Oorzaken voor mislukking
Het zal duidelijk zijn dat het hiervoor beschreven scenario hoogstwaarschijnlijk zal leiden tot mislukking van het SPI-traject. Waarom gaat het dan verkeerd? De gehanteerde aanpak wordt immers veelvuldig beschreven in de literatuur, en ook met het CMM als model is weinig mis. Het antwoord hierop is simpel: de gehanteerde aanpak past niet bij de uitgangssituatie van de organisatie.
Het overgrote deel van de organisaties gaat een SPI traject in vanuit een situatie waarbij de huidige processen onvolwassen zijn. In CMM-termen zitten de meeste organisatie op niveau-1 en willen ze naar niveau-2. In een niveau-1 organisatie kunnen projecten niet efficiënt worden uitgevoerd. De organisatie leert moeilijk en is vooral bezig met brandjes blussen. In het algemeen heeft men weinig tot geen ervaring met succesvolle procesverbetering. Je kunt je dus serieus afvragen of een onvolwassen organisatie in staat zou zijn om een groots opgezet SPI-project tot een goed einde te brengen. In de CMM-filosofie wordt hiermee rekening gehouden: pas op niveau-3 worden organisatiebrede verbeteringen doorgevoerd. Op lagere niveaus vinden verbeteringen lokaal binnen de projecten plaats. Vaak wordt dit gezien als een sub-optimale oplossing: het wiel zal waarschijnlijk meerdere keren in verschillende projecten worden uitgevonden. Daarom starten veel organisaties toch een SPI-project waarbij centraal verbeteringen worden doorgevoerd. Met andere woorden: veel organisaties hanteren een niveau-3 aanpak om niveau-2 problemen te lijf te gaan.
Procesverbetering is een leerproces op zichzelf. In de gehanteerde aanpak wordt hiermee vaak geen rekening gehouden. Impliciet wordt verondersteld of als randvoorwaarde aangegeven dat men weet wat procesmatig werken inhoudt, dat men verbeteren ziet als onderdeel van de dagelijkse werkzaamheden en dat degenen die verantwoordelijk zijn zich ook verantwoordelijk voelen. Juist in een organisatie met lage procesvolwassenheid zal men hierin moeten groeien.

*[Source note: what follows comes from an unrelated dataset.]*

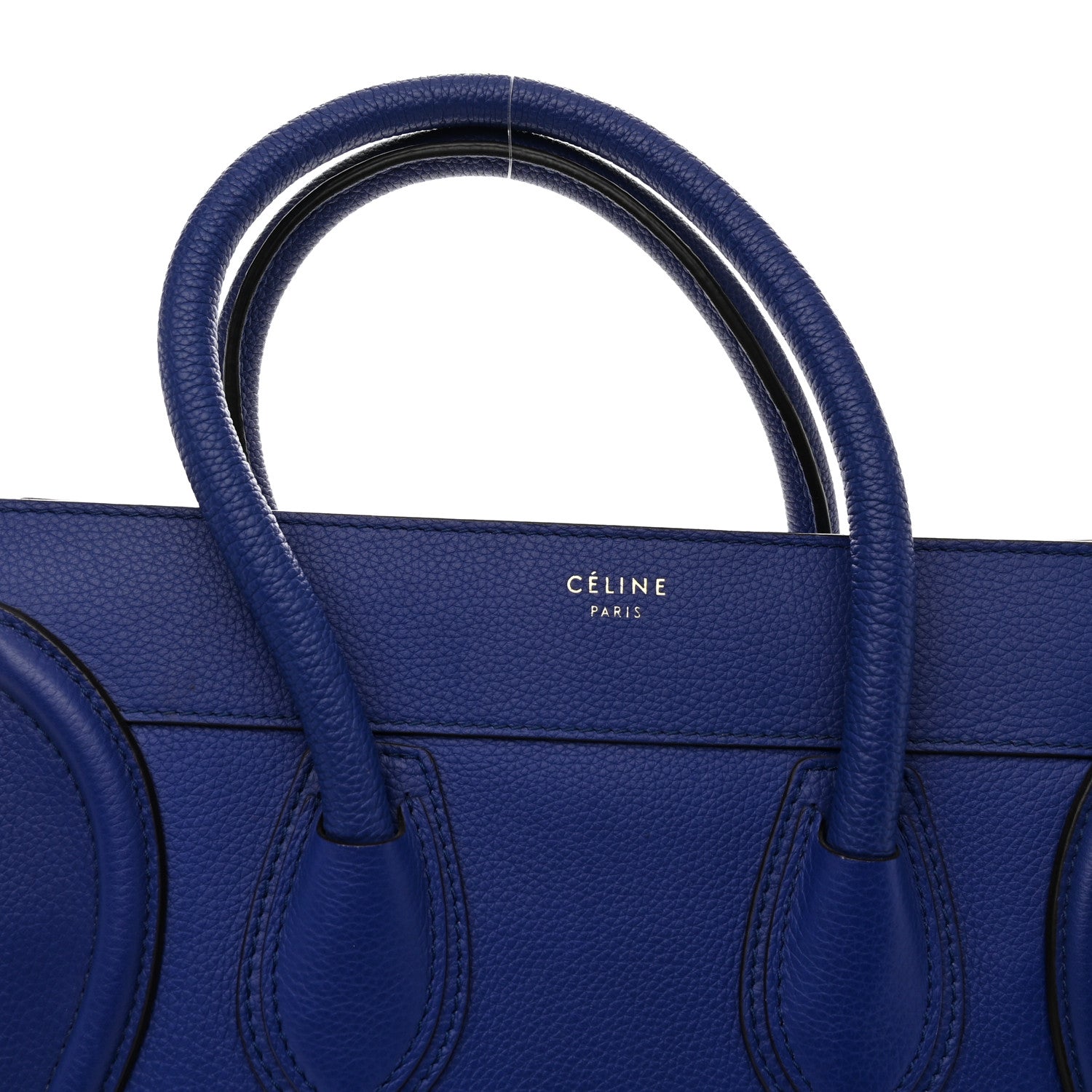 Celine Drummed Calfskin Mini Luggage Indigo 11 of 12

Het beeld dat naar voren komt is dat de aanpak van procesverbetering samenhangt met de procesvolwassenheid van een organisatie. In de beschikbare SPI-literatuur wordt hierover weinig geschreven. Vrijwel alle literatuur gaat uit van een variant van de beschreven organisatiebrede projectaanpak. Een belangrijke oorzaak hiervoor ligt in de oorsprong van de beschikbare informatie. Vaak komen SPI-publicaties van grote organisaties die zelf al een bepaalde mate van procesvolwassenheid (niet specifiek op software-gebied) hebben. Verder zijn de gebruikte veranderingsmodellen vaak niet speciaal voor SPI ontwikkeld. Bijvoorbeeld het door het SEI ontwikkelde Ideal-model is zwaar beïnvloed door ervaringen met technology transfers bij Bell Labs en minder door specifieke SPI-ervaringen.
Alternatieve SPI-aanpak
De standaard SPI-aanpak werkt dus vaak niet in organisaties met een lage procesvolwassenheid. Toch zijn er wel degelijk gereedschappen beschikbaar ook in deze organisaties een SPI traject tot een succes te maken. Het zijn geen revolutionaire nieuwe concepten: ze worden in andere context veelvuldig toegepast. Het belangrijkste element vormt de expliciete keuze voor lokaal verbeteren in de projecten. Ondersteunende instrumenten zijn in dit geval het houden van teamworkshops en het hanteren van timeboxing.
Bij de keuze voor lokaal verbeteren in de projecten – als tegenhanger van het organisatiebreed verbeteren – worden geen speciale projectstructuren opgezet voor het verbetertraject. In plaats daarvan maakt men gebruik van de bestaande organisatiestructuur. De stuurgroepfunctie wordt uitgeoefend door het management, de werkgroepfunctie door de verschillende bestaande teams. Elk team gaat dus aan de slag met de problematiek in het eigen project.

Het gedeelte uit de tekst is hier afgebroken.